BEGIN ENTRIES SHOWN

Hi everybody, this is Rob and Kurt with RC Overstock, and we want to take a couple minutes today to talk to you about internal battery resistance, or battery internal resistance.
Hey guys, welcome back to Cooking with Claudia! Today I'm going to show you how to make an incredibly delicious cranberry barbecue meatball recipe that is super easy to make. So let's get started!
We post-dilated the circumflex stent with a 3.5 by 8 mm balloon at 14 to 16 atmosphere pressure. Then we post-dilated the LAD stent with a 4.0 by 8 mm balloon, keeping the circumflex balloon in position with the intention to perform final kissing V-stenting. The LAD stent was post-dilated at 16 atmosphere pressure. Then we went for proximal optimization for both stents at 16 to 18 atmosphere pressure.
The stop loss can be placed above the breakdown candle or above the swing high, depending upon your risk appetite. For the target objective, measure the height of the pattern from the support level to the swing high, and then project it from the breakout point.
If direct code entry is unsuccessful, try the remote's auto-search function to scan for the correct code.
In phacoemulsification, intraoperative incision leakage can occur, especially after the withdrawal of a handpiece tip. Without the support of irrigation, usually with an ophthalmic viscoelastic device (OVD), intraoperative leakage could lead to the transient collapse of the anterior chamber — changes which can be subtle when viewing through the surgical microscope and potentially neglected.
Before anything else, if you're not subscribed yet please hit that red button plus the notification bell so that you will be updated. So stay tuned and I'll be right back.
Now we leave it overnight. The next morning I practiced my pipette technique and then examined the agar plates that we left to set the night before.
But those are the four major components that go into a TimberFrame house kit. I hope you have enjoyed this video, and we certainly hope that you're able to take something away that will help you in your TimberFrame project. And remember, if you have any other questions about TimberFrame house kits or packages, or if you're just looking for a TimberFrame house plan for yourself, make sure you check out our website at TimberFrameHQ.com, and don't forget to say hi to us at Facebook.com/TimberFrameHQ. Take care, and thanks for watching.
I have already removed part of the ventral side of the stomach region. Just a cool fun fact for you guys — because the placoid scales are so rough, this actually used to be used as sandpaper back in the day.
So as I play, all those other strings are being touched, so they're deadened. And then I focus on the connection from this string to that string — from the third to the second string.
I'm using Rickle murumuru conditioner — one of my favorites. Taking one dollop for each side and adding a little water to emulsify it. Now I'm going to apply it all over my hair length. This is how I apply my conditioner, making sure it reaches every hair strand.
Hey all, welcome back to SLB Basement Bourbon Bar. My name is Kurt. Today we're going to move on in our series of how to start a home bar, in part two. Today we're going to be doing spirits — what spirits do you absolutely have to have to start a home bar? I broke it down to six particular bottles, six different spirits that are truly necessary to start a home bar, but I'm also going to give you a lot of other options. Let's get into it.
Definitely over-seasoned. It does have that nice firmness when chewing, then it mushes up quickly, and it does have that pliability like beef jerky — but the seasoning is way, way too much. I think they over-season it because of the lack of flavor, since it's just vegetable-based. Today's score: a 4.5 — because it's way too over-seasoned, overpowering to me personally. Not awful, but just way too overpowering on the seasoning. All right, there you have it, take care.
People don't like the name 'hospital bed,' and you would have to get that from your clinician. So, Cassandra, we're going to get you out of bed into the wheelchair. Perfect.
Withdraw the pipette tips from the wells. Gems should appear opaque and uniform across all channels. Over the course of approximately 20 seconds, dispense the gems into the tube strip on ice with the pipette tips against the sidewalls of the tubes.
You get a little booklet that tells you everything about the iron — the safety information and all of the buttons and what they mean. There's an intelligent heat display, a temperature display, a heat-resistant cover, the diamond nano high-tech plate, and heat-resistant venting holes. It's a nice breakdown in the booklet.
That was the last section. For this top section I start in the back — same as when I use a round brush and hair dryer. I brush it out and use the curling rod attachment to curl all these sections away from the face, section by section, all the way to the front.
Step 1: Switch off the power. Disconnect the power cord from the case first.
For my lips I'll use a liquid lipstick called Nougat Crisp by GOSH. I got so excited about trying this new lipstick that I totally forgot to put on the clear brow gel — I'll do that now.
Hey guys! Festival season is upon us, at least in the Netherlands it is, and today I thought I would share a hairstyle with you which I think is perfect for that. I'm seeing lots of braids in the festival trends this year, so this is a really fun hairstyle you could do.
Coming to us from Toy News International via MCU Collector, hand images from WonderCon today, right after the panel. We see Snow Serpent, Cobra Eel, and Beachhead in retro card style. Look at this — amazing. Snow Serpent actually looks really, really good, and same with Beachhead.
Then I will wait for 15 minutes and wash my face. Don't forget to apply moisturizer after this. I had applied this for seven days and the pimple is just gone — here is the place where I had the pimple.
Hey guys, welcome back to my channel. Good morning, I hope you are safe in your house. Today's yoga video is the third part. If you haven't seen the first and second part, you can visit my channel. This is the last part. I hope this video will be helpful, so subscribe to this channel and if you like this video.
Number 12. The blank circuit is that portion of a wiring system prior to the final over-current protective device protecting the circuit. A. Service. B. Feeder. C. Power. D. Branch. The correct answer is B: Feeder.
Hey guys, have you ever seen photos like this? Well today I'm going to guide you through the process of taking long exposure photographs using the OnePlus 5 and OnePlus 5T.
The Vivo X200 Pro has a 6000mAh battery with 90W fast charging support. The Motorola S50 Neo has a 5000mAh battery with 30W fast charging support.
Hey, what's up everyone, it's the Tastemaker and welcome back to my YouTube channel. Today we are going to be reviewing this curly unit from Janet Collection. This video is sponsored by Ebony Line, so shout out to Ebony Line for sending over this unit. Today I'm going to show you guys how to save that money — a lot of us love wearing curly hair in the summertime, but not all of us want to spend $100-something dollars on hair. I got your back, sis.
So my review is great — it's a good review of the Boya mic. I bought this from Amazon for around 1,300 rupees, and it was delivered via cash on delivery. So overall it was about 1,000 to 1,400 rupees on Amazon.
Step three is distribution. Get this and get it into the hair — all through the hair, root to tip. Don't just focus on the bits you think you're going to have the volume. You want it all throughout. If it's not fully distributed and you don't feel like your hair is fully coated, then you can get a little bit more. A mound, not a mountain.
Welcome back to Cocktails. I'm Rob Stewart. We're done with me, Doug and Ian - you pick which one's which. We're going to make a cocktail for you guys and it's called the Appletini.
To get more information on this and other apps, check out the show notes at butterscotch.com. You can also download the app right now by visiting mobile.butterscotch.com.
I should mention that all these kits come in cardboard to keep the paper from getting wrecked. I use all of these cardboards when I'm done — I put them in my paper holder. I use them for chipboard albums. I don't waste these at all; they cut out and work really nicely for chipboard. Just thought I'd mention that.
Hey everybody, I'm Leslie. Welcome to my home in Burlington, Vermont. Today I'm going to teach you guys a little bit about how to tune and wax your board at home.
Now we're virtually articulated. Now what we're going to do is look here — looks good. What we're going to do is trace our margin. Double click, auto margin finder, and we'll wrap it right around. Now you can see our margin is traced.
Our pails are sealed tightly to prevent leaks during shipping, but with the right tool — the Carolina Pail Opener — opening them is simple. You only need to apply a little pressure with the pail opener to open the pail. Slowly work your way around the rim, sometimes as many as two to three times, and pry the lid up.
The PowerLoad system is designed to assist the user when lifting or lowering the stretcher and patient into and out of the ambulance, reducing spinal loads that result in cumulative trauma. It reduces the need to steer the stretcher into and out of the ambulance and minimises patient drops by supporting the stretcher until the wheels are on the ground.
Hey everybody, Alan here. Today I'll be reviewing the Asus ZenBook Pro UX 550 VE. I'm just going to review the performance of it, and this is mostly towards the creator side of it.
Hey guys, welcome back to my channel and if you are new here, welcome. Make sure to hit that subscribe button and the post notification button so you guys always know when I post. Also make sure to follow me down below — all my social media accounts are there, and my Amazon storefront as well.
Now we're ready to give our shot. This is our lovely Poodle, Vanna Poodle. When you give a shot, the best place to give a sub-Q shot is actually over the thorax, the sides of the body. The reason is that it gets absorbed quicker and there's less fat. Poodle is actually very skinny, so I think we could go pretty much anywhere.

END ENTRIES SHOWN

**TASK BRIEF**
Each line must be given again exactly as written above.

**TASK SOLUTION**
Hi everybody, this is Rob and Kurt with RC Overstock, and we want to take a couple minutes today to talk to you about internal battery resistance, or battery internal resistance.
Hey guys, welcome back to Cooking with Claudia! Today I'm going to show you how to make an incredibly delicious cranberry barbecue meatball recipe that is super easy to make. So let's get started!
We post-dilated the circumflex stent with a 3.5 by 8 mm balloon at 14 to 16 atmosphere pressure. Then we post-dilated the LAD stent with a 4.0 by 8 mm balloon, keeping the circumflex balloon in position with the intention to perform final kissing V-stenting. The LAD stent was post-dilated at 16 atmosphere pressure. Then we went for proximal optimization for both stents at 16 to 18 atmosphere pressure.
The stop loss can be placed above the breakdown candle or above the swing high, depending upon your risk appetite. For the target objective, measure the height of the pattern from the support level to the swing high, and then project it from the breakout point.
If direct code entry is unsuccessful, try the remote's auto-search function to scan for the correct code.
In phacoemulsification, intraoperative incision leakage can occur, especially after the withdrawal of a handpiece tip. Without the support of irrigation, usually with an ophthalmic viscoelastic device (OVD), intraoperative leakage could lead to the transient collapse of the anterior chamber — changes which can be subtle when viewing through the surgical microscope and potentially neglected.
Before anything else, if you're not subscribed yet please hit that red button plus the notification bell so that you will be updated. So stay tuned and I'll be right back.
Now we leave it overnight. The next morning I practiced my pipette technique and then examined the agar plates that we left to set the night before.
But those are the four major components that go into a TimberFrame house kit. I hope you have enjoyed this video, and we certainly hope that you're able to take something away that will help you in your TimberFrame project. And remember, if you have any other questions about TimberFrame house kits or packages, or if you're just looking for a TimberFrame house plan for yourself, make sure you check out our website at TimberFrameHQ.com, and don't forget to say hi to us at Facebook.com/TimberFrameHQ. Take care, and thanks for watching.
I have already removed part of the ventral side of the stomach region. Just a cool fun fact for you guys — because the placoid scales are so rough, this actually used to be used as sandpaper back in the day.
So as I play, all those other strings are being touched, so they're deadened. And then I focus on the connection from this string to that string — from the third to the second string.
I'm using Rickle murumuru conditioner — one of my favorites. Taking one dollop for each side and adding a little water to emulsify it. Now I'm going to apply it all over my hair length. This is how I apply my conditioner, making sure it reaches every hair strand.
Hey all, welcome back to SLB Basement Bourbon Bar. My name is Kurt. Today we're going to move on in our series of how to start a home bar, in part two. Today we're going to be doing spirits — what spirits do you absolutely have to have to start a home bar? I broke it down to six particular bottles, six different spirits that are truly necessary to start a home bar, but I'm also going to give you a lot of other options. Let's get into it.
Definitely over-seasoned. It does have that nice firmness when chewing, then it mushes up quickly, and it does have that pliability like beef jerky — but the seasoning is way, way too much. I think they over-season it because of the lack of flavor, since it's just vegetable-based. Today's score: a 4.5 — because it's way too over-seasoned, overpowering to me personally. Not awful, but just way too overpowering on the seasoning. All right, there you have it, take care.
People don't like the name 'hospital bed,' and you would have to get that from your clinician. So, Cassandra, we're going to get you out of bed into the wheelchair. Perfect.
Withdraw the pipette tips from the wells. Gems should appear opaque and uniform across all channels. Over the course of approximately 20 seconds, dispense the gems into the tube strip on ice with the pipette tips against the sidewalls of the tubes.
You get a little booklet that tells you everything about the iron — the safety information and all of the buttons and what they mean. There's an intelligent heat display, a temperature display, a heat-resistant cover, the diamond nano high-tech plate, and heat-resistant venting holes. It's a nice breakdown in the booklet.
That was the last section. For this top section I start in the back — same as when I use a round brush and hair dryer. I brush it out and use the curling rod attachment to curl all these sections away from the face, section by section, all the way to the front.
Step 1: Switch off the power. Disconnect the power cord from the case first.
For my lips I'll use a liquid lipstick called Nougat Crisp by GOSH. I got so excited about trying this new lipstick that I totally forgot to put on the clear brow gel — I'll do that now.
Hey guys! Festival season is upon us, at least in the Netherlands it is, and today I thought I would share a hairstyle with you which I think is perfect for that. I'm seeing lots of braids in the festival trends this year, so this is a really fun hairstyle you could do.
Coming to us from Toy News International via MCU Collector, hand images from WonderCon today, right after the panel. We see Snow Serpent, Cobra Eel, and Beachhead in retro card style. Look at this — amazing. Snow Serpent actually looks really, really good, and same with Beachhead.
Then I will wait for 15 minutes and wash my face. Don't forget to apply moisturizer after this. I had applied this for seven days and the pimple is just gone — here is the place where I had the pimple.
Hey guys, welcome back to my channel. Good morning, I hope you are safe in your house. Today's yoga video is the third part. If you haven't seen the first and second part, you can visit my channel. This is the last part. I hope this video will be helpful, so subscribe to this channel and if you like this video.
Number 12. The blank circuit is that portion of a wiring system prior to the final over-current protective device protecting the circuit. A. Service. B. Feeder. C. Power. D. Branch. The correct answer is B: Feeder.
Hey guys, have you ever seen photos like this? Well today I'm going to guide you through the process of taking long exposure photographs using the OnePlus 5 and OnePlus 5T.
The Vivo X200 Pro has a 6000mAh battery with 90W fast charging support. The Motorola S50 Neo has a 5000mAh battery with 30W fast charging support.
Hey, what's up everyone, it's the Tastemaker and welcome back to my YouTube channel. Today we are going to be reviewing this curly unit from Janet Collection. This video is sponsored by Ebony Line, so shout out to Ebony Line for sending over this unit. Today I'm going to show you guys how to save that money — a lot of us love wearing curly hair in the summertime, but not all of us want to spend $100-something dollars on hair. I got your back, sis.
So my review is great — it's a good review of the Boya mic. I bought this from Amazon for around 1,300 rupees, and it was delivered via cash on delivery. So overall it was about 1,000 to 1,400 rupees on Amazon.
Step three is distribution. Get this and get it into the hair — all through the hair, root to tip. Don't just focus on the bits you think you're going to have the volume. You want it all throughout. If it's not fully distributed and you don't feel like your hair is fully coated, then you can get a little bit more. A mound, not a mountain.
Welcome back to Cocktails. I'm Rob Stewart. We're done with me, Doug and Ian - you pick which one's which. We're going to make a cocktail for you guys and it's called the Appletini.
To get more information on this and other apps, check out the show notes at butterscotch.com. You can also download the app right now by visiting mobile.butterscotch.com.
I should mention that all these kits come in cardboard to keep the paper from getting wrecked. I use all of these cardboards when I'm done — I put them in my paper holder. I use them for chipboard albums. I don't waste these at all; they cut out and work really nicely for chipboard. Just thought I'd mention that.
Hey everybody, I'm Leslie. Welcome to my home in Burlington, Vermont. Today I'm going to teach you guys a little bit about how to tune and wax your board at home.
Now we're virtually articulated. Now what we're going to do is look here — looks good. What we're going to do is trace our margin. Double click, auto margin finder, and we'll wrap it right around. Now you can see our margin is traced.
Our pails are sealed tightly to prevent leaks during shipping, but with the right tool — the Carolina Pail Opener — opening them is simple. You only need to apply a little pressure with the pail opener to open the pail. Slowly work your way around the rim, sometimes as many as two to three times, and pry the lid up.
The PowerLoad system is designed to assist the user when lifting or lowering the stretcher and patient into and out of the ambulance, reducing spinal loads that result in cumulative trauma. It reduces the need to steer the stretcher into and out of the ambulance and minimises patient drops by supporting the stretcher until the wheels are on the ground.
Hey everybody, Alan here. Today I'll be reviewing the Asus ZenBook Pro UX 550 VE. I'm just going to review the performance of it, and this is mostly towards the creator side of it.
Hey guys, welcome back to my channel and if you are new here, welcome. Make sure to hit that subscribe button and the post notification button so you guys always know when I post. Also make sure to follow me down below — all my social media accounts are there, and my Amazon storefront as well.
Now we're ready to give our shot. This is our lovely Poodle, Vanna Poodle. When you give a shot, the best place to give a sub-Q shot is actually over the thorax, the sides of the body. The reason is that it gets absorbed quicker and there's less fat. Poodle is actually very skinny, so I think we could go pretty much anywhere.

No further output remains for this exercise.